** Opening DATASET EXCERPT block **

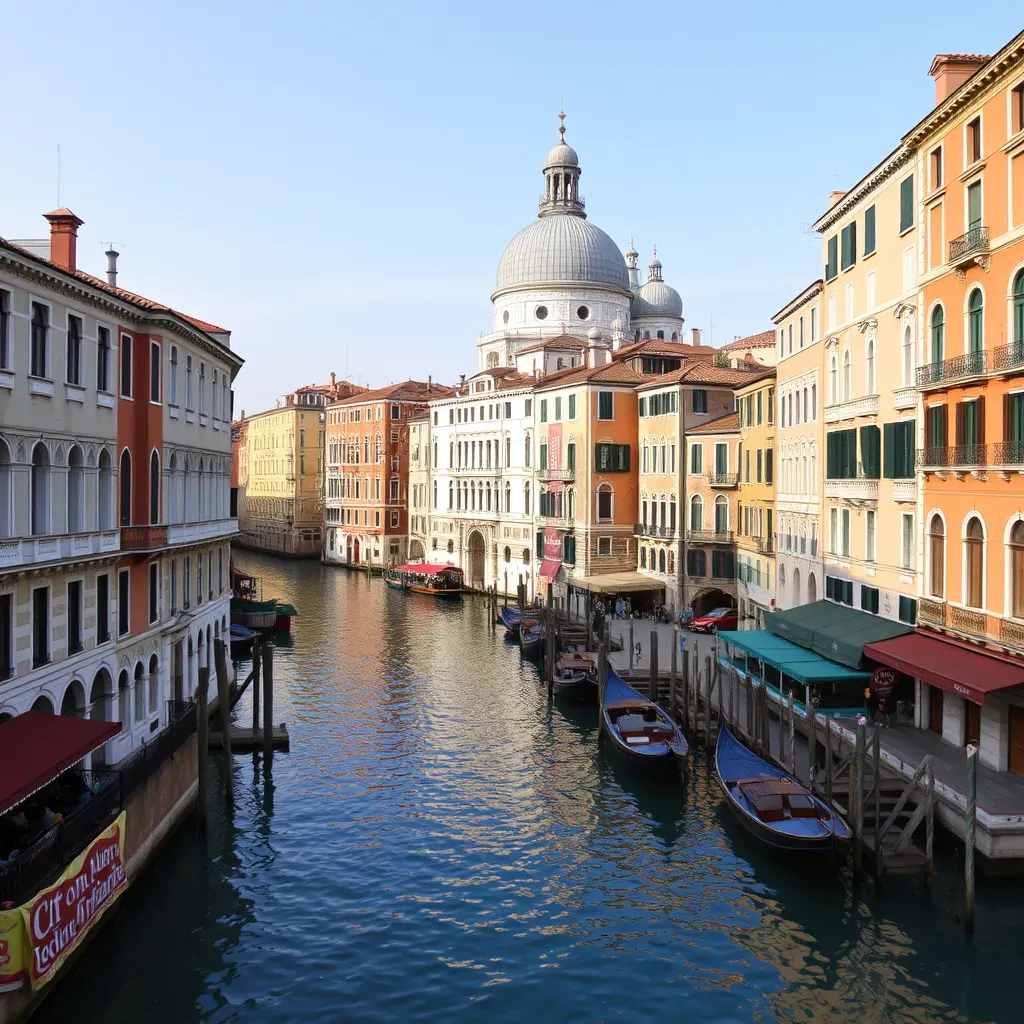 Musei di Venezia: Una Guida Completa ai Tesori Culturali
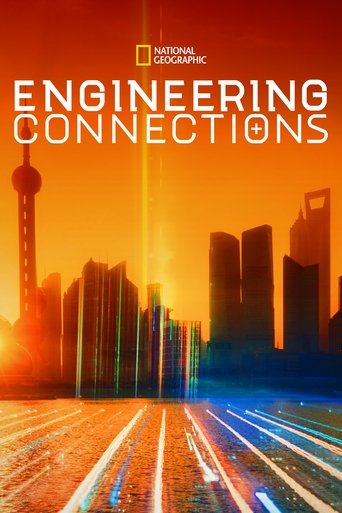 Watch Richard Hammond's Engineering Connections 2008 poster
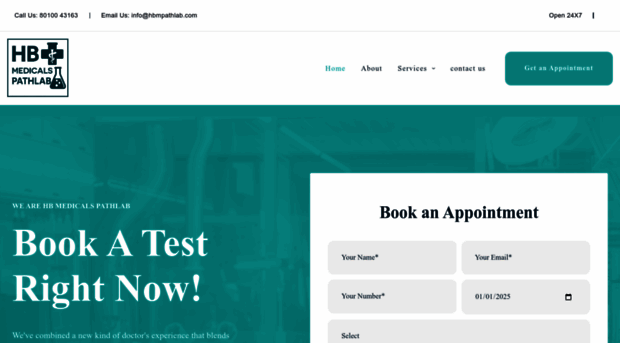 hbmpathlab.com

** Closing DATASET EXCERPT block **

## ACTIVITY:
From the material above, write out exactly the lines from the line with "Watch Richard Hammond's" through the closing line, inclusive, and no pictures.

## REPLY TO THE TASK:
 Watch Richard Hammond's Engineering Connections 2008 poster
 hbmpathlab.com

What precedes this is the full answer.